A la hora de describir sus gestas, nadie les escatimaba un adjetivo, y es verdad que, en general, fueron muy bravos. Pero llegaron con unos medios insuficientes, recibieron una formación muy precaria para ser empleados como fuerzas de choque y, en no pocas ocasiones, sufrieron a unos mandos comunistas totalmente incompetentes. Su organizador, el tristemente célebre André Marty, un tipo de gatillo fácil, conocido como el carnicero de Albacete, no tendría nada que envidiar a los indeseables mandos de Senderos de gloria.
Junto con el relato de su coraje, hay que registrar también ese otro, mucho menos complaciente, que habla de lo que callan todas las guerras: deserciones, indisciplina y abusos sobre la población. Es lógico: entre los 35.000 voluntarios, procedentes de más de cincuenta países, había de todo. Según las investigaciones más recientes, uno de cada cinco brigadistas perdió su vida en España.
6-¿Fue la del Ebro la última ofensiva republicana?
El Ebro selló el desenlace de la guerra, pero, entre noviembre de 1938 y marzo de 1939, la República aún pudo jugar una última baza en la partida.
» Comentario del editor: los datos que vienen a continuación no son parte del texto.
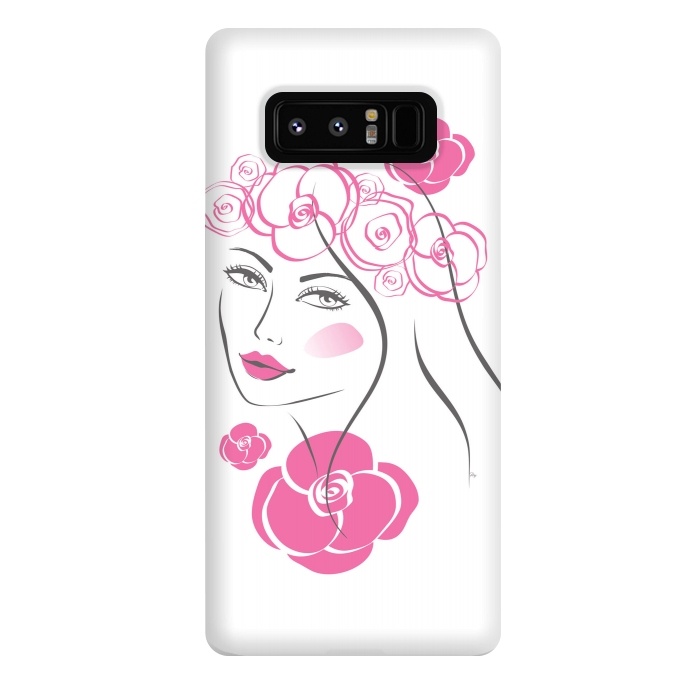Galaxy Note 8 StrongFit Pink Rose Lady by Martina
La batalla de Peñarroya o Valsequillo fue el clavo ardiendo al que se agarró el jefe de Estado Mayor, general Vicente Rojo, para desbaratar el avance franquista hacia Cataluña.
La operación, en pleno frente extremeño-cordobés, puso contra las cuerdas a Queipo de Llano, cuyo Ejército del Sur contaba con unos 75.000 efectivos, frente a los más de 90.000 del enemigo, distribuidos entre el XXII Cuerpo de Ejército, la Agrupación Toral y la Columna F. El general Escobar estaba al mando.
Sobre el tapete, la campaña, que se desarrolló a partir del 5 de enero, resultaba tan audaz como brillante, y Franco, consciente del peligro, no dejó de azuzar a Queipo para que contraatacara. En sus primeros días, las fuerzas republicanas se apoderaron de 500 km2 de superficie y tomaron Fuente Obejuna, Peraleda del Zaucejo, Los Blázquez y La Granja de Torrehermosa. Desde Barcelona, un entusiasta Vicente Rojo reclamaba un último esfuerzo al general Matallana: “Si pudieséis llegar a Sevilla, creo que habrías resuelto la guerra”, le escribió. Pero este ya no creía en milagros. Las malas condiciones atmosféricas y los refuerzos del Ejército del Sur convirtieron la última gran ofensiva republicana en un espejismo, otro más, el último ya.
La falta de entendimiento entre Rojo y el general Miaja, a la sazón jefe del Grupo de Ejércitos de la Región Central (GERC), fue clave para abortar el desembarco previsto por el primero en Motril. Cuando se detuvieron los combates el 4 de febrero, el frente seguía igual.